**RECORDS TO USE:**
________
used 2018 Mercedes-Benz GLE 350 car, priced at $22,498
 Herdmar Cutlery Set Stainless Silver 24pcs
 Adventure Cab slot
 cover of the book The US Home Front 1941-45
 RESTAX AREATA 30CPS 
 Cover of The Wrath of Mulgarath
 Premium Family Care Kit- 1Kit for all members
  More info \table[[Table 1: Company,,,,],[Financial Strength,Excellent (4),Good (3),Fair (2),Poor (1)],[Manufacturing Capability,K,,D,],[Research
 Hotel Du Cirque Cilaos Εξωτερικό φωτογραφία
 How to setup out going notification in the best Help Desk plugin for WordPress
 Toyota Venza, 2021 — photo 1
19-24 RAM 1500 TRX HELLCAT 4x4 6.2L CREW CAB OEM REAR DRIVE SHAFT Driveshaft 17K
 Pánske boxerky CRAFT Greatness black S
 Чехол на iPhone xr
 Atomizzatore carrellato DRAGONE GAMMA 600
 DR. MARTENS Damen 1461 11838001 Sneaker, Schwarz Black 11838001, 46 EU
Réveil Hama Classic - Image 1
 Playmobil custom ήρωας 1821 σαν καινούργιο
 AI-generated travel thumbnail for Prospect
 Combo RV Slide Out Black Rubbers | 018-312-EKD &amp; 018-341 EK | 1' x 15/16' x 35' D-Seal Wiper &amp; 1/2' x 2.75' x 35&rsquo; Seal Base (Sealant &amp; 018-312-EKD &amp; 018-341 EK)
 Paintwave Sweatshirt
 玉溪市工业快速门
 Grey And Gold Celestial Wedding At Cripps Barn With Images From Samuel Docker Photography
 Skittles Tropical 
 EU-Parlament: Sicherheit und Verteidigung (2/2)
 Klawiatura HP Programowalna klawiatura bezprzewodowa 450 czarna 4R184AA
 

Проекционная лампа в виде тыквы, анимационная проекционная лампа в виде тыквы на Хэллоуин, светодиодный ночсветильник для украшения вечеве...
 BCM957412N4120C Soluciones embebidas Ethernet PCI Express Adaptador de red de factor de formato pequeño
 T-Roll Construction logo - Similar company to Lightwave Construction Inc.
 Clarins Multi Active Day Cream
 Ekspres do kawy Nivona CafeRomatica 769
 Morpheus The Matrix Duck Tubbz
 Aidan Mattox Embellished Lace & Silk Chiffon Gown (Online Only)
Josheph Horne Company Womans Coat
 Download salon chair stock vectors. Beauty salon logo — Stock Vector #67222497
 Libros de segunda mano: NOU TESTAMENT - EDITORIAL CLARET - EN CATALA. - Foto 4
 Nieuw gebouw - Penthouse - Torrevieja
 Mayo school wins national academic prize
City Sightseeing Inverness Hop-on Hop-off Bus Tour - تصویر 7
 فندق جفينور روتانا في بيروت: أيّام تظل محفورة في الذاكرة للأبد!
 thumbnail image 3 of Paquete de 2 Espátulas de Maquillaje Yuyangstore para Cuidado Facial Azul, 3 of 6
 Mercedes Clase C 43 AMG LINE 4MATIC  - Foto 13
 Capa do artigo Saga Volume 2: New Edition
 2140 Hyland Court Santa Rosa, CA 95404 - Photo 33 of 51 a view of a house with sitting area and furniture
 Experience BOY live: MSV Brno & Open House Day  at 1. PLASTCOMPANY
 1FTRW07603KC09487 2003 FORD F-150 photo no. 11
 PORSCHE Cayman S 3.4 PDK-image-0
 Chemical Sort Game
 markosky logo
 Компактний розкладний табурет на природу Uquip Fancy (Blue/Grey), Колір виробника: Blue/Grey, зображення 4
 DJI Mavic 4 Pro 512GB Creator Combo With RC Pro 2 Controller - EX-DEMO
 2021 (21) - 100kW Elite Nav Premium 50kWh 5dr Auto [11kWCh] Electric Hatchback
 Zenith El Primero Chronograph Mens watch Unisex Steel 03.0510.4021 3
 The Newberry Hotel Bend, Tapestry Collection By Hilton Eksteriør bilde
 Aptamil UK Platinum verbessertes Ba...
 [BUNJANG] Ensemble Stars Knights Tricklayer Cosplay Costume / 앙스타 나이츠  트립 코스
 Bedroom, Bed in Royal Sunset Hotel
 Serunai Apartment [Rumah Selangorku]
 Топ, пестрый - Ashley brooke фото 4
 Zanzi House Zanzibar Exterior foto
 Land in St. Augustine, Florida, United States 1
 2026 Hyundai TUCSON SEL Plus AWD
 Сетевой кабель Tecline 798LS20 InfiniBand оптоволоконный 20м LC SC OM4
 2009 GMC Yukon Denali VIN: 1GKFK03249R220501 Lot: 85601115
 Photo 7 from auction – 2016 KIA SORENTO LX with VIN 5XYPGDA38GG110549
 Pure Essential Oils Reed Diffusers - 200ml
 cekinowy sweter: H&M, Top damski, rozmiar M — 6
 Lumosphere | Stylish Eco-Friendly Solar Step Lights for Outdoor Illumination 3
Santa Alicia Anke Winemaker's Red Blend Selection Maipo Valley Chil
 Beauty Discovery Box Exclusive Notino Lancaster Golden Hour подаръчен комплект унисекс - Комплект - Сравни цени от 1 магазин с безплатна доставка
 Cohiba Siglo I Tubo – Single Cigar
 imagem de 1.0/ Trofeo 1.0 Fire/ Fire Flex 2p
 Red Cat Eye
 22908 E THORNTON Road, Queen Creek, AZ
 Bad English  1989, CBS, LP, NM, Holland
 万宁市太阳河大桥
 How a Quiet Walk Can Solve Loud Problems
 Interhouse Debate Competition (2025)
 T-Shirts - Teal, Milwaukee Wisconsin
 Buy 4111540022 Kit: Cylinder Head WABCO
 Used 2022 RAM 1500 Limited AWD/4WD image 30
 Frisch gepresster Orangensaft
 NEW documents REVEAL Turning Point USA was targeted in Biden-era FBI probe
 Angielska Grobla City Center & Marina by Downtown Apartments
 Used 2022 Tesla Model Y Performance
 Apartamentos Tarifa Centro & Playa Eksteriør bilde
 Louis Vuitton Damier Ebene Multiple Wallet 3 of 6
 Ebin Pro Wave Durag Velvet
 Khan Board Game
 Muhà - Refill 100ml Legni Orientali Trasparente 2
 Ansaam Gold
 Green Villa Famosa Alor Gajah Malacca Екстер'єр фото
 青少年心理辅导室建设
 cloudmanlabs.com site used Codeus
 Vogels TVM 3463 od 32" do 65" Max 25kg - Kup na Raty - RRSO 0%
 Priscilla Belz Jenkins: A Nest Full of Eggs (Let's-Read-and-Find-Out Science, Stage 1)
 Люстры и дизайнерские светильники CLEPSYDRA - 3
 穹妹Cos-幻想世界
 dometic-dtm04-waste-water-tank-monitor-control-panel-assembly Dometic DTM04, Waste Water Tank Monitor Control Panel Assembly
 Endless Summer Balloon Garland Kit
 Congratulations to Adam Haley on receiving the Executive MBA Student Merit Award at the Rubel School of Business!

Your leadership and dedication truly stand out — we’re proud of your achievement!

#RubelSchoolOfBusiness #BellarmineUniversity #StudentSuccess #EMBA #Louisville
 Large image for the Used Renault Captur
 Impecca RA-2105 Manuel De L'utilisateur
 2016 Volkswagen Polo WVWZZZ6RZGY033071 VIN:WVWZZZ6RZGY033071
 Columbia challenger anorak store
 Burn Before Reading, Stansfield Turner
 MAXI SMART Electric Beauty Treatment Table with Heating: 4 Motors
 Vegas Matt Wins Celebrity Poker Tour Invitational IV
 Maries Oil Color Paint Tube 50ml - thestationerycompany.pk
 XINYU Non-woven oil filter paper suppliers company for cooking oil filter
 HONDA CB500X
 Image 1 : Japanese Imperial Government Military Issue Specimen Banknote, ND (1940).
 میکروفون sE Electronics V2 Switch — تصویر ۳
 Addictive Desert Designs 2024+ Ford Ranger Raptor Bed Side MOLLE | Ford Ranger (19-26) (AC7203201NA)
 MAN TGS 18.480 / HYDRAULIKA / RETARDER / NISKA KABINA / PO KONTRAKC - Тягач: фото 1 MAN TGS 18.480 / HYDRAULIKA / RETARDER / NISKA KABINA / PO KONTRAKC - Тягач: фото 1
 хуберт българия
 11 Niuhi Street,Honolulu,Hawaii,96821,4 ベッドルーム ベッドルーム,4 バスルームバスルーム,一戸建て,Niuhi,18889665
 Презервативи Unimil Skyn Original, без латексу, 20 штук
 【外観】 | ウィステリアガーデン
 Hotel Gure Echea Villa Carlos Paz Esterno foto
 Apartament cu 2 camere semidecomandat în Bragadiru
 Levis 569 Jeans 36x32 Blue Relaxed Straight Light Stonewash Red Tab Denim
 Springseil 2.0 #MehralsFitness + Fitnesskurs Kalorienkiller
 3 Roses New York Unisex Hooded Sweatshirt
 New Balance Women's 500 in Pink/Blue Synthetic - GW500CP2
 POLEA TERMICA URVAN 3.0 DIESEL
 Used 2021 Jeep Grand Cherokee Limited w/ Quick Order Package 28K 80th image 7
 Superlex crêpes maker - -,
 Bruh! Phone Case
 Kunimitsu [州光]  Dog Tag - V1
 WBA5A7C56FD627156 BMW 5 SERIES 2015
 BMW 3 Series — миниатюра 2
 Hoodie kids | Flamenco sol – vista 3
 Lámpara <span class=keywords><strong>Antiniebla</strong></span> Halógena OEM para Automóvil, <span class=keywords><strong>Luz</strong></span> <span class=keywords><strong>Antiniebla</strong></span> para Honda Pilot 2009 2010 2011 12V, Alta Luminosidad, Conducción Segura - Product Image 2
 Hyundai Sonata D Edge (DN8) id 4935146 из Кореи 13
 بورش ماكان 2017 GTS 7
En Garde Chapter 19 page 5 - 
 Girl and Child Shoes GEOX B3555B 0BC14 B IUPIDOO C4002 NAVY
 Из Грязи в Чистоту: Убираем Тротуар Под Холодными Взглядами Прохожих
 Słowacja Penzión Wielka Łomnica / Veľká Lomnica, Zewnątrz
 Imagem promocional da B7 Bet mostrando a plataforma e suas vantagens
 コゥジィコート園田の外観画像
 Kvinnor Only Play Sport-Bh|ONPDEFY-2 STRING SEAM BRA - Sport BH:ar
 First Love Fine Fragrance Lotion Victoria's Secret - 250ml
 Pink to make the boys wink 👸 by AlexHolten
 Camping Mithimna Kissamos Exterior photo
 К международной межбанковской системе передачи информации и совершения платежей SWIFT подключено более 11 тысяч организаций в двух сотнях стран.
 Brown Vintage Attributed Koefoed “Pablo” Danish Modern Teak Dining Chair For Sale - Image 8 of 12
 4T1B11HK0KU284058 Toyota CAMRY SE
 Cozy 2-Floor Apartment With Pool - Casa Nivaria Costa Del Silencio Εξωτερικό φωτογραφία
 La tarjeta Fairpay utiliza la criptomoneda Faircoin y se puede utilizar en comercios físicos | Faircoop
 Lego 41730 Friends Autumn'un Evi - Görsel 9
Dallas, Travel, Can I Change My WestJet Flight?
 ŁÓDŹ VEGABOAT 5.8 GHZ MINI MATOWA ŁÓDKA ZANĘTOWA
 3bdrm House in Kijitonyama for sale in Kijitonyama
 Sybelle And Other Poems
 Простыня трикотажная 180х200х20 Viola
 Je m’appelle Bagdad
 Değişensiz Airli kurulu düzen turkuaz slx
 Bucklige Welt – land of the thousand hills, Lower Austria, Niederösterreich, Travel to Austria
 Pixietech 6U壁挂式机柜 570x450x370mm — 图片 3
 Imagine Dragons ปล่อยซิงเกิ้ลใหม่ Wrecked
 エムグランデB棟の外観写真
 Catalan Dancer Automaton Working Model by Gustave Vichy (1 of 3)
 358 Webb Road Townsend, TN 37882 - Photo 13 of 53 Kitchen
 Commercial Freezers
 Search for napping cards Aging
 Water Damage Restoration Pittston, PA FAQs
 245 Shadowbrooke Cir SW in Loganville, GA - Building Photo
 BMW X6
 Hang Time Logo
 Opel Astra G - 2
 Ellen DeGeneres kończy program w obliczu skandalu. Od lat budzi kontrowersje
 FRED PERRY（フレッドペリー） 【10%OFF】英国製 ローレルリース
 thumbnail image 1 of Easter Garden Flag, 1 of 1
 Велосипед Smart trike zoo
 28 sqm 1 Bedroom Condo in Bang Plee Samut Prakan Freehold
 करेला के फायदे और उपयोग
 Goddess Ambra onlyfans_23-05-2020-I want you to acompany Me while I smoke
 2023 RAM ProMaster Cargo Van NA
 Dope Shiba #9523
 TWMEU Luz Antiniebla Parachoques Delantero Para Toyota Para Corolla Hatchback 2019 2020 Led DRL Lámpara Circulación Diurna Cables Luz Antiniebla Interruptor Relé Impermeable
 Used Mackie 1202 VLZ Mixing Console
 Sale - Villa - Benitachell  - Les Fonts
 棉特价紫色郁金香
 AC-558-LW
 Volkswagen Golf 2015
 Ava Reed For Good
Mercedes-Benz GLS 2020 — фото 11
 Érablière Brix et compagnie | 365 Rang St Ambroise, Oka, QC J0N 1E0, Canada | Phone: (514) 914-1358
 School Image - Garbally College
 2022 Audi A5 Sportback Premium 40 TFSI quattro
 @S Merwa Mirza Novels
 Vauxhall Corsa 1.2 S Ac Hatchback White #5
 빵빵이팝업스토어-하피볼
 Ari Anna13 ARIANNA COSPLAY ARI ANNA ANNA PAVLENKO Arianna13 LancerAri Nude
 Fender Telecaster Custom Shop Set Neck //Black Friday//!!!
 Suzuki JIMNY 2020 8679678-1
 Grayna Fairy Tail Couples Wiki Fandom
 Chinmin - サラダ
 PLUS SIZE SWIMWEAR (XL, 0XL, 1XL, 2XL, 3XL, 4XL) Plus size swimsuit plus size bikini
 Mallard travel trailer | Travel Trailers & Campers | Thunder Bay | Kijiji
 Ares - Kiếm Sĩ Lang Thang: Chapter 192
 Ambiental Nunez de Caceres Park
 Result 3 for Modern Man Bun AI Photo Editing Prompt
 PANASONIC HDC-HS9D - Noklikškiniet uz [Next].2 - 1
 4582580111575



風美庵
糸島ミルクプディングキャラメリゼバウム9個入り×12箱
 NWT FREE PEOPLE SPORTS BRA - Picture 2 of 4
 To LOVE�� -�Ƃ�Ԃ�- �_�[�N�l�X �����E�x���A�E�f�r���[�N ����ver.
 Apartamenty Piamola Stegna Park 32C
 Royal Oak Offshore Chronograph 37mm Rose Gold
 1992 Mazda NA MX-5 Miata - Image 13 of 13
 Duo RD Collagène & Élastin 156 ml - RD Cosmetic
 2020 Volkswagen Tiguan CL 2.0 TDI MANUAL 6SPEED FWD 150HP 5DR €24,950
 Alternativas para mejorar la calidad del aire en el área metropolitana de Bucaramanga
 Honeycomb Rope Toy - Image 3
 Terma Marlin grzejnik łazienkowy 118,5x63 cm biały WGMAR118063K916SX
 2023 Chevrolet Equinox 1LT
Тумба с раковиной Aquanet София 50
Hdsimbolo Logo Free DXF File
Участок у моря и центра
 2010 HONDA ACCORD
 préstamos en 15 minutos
________
**TASK TO CARRY OUT:** Nothing should appear in the answer except the lines above from the line with "Велосипед Smart trike zoo" through the line with "Dope Shiba #9523", both included, written out exactly.

**ANSWER FOR THE TASK:**
 Велосипед Smart trike zoo
 28 sqm 1 Bedroom Condo in Bang Plee Samut Prakan Freehold
 करेला के फायदे और उपयोग
 Goddess Ambra onlyfans_23-05-2020-I want you to acompany Me while I smoke
 2023 RAM ProMaster Cargo Van NA
 Dope Shiba #9523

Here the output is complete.